▶ _Data in this exercise_:
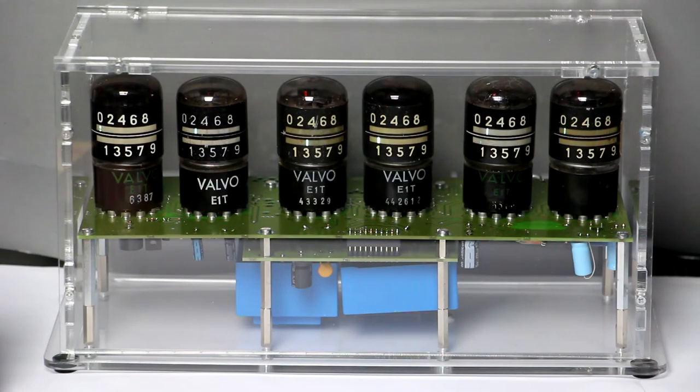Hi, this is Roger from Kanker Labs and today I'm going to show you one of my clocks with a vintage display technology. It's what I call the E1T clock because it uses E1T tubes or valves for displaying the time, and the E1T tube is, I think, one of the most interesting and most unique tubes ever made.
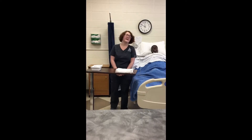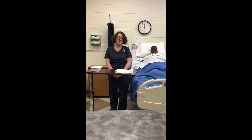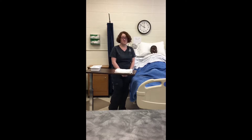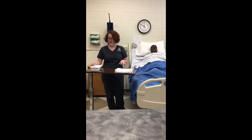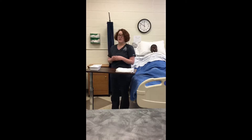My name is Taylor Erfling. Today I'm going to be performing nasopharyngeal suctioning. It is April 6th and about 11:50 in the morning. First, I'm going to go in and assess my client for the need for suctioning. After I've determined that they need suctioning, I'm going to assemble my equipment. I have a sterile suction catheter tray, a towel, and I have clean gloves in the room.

--

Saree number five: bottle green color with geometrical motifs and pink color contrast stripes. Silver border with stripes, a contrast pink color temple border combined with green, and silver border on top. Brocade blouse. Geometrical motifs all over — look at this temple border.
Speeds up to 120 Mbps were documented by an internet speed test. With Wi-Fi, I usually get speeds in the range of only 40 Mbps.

* * *

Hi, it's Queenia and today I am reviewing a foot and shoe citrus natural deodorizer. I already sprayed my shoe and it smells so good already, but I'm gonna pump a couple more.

▶ _Task statement_: Looking at the entries above, can you reproduce exactly the lines from the one that holds "Saree number five: bottle" through the one that holds "Speeds up to", and only those?

▶ _Written answer_:
Saree number five: bottle green color with geometrical motifs and pink color contrast stripes. Silver border with stripes, a contrast pink color temple border combined with green, and silver border on top. Brocade blouse. Geometrical motifs all over — look at this temple border.
Speeds up to 120 Mbps were documented by an internet speed test. With Wi-Fi, I usually get speeds in the range of only 40 Mbps.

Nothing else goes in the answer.